* DATA BELOW:
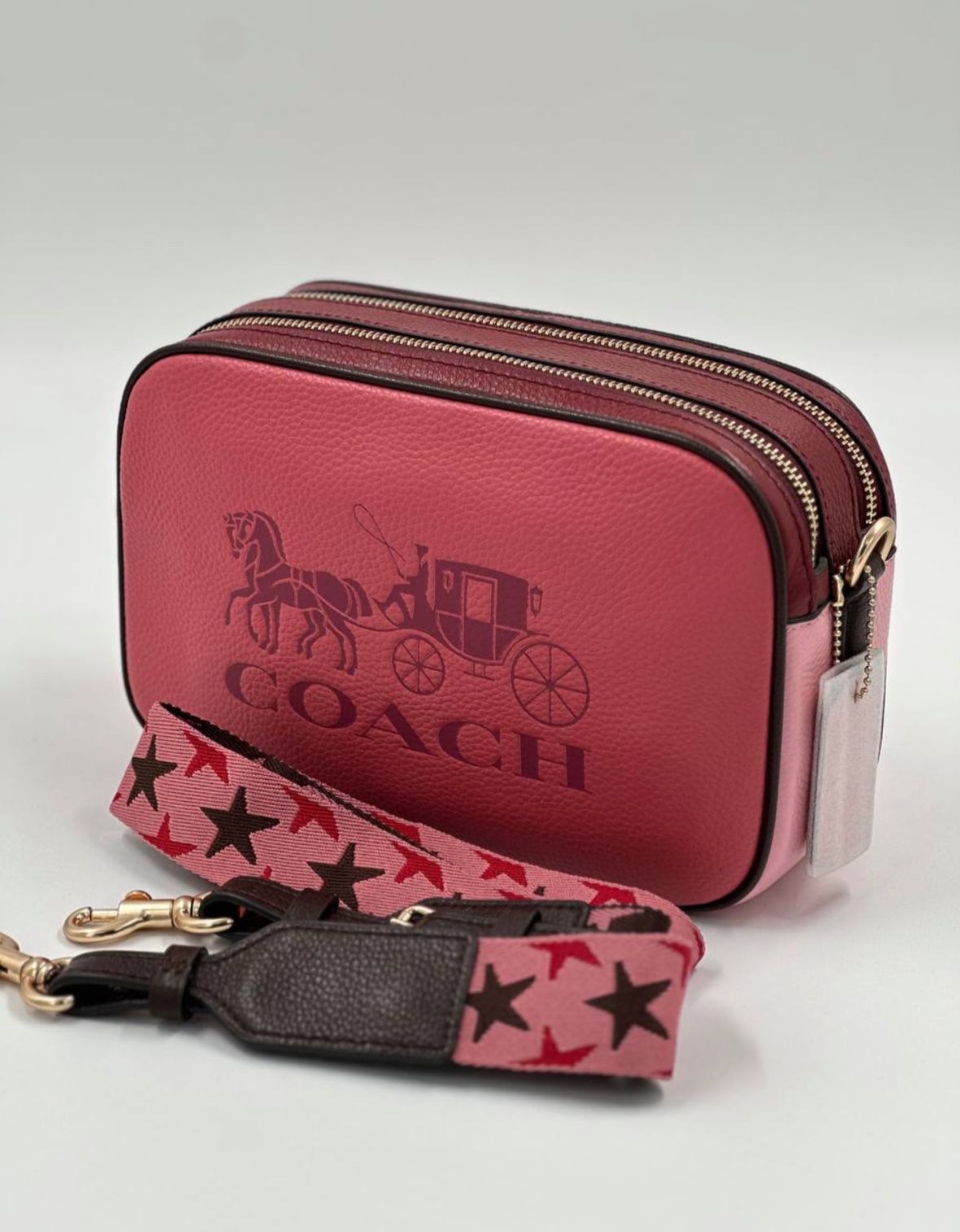 Сумка кросс-боди женская Coach 7458 розовая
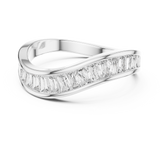 Gold Ring DDLR-009, White Gold, view 4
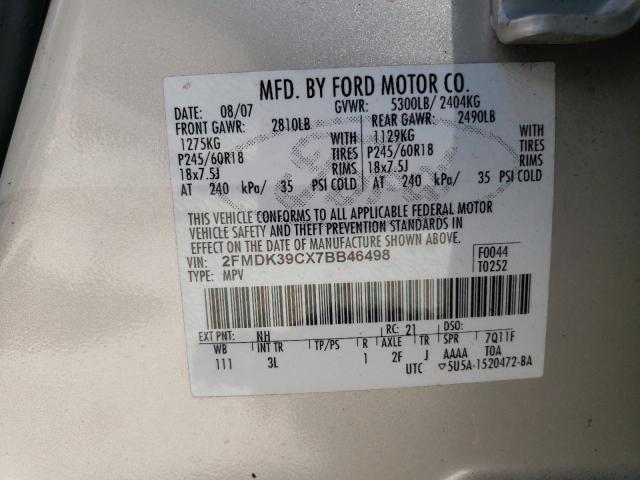 Photo 14 from auction – 2007 FORD EDGE SEL P with VIN 2FMDK39CX7BB46498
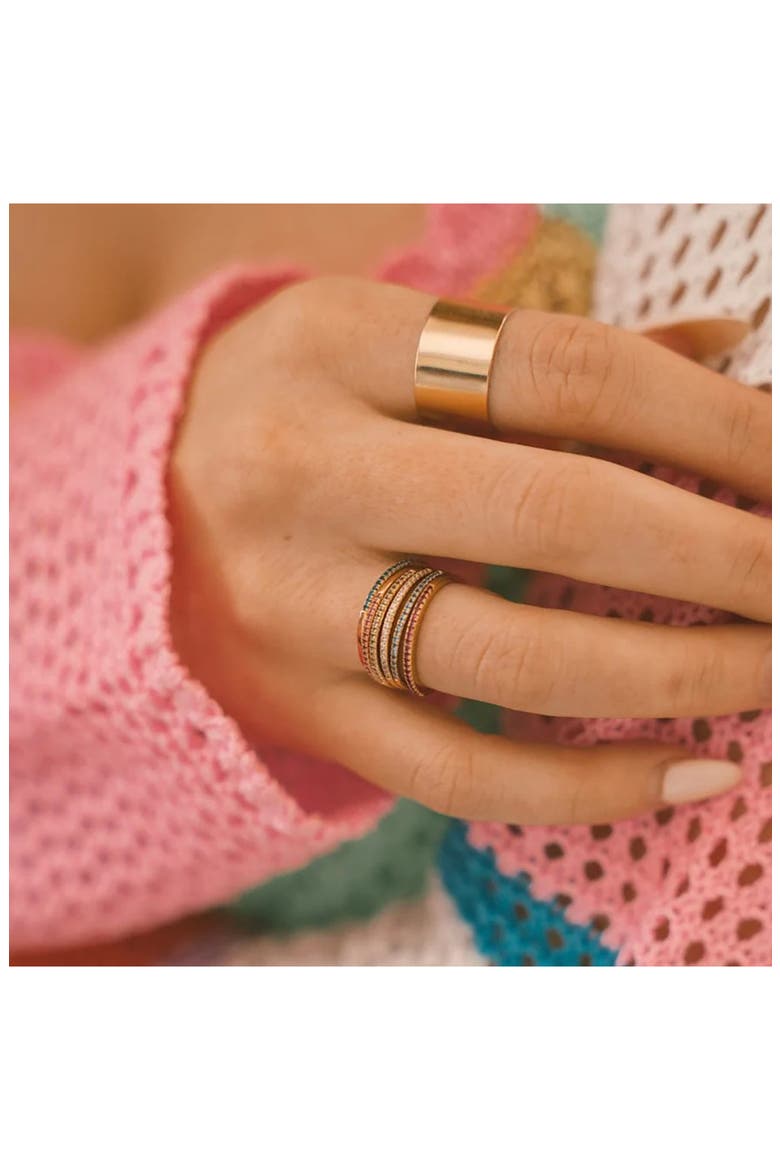 Birthstone Stacking Ring, Alternate, color, GOLD MAY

* THE TASK: Give the complete material again, exactly as written. Do not include the pictures.

* SOLUTION TO THIS EXERCISE:
 Сумка кросс-боди женская Coach 7458 розовая
 Gold Ring DDLR-009, White Gold, view 4
 Photo 14 from auction – 2007 FORD EDGE SEL P with VIN 2FMDK39CX7BB46498
 Birthstone Stacking Ring, Alternate, color, GOLD MAY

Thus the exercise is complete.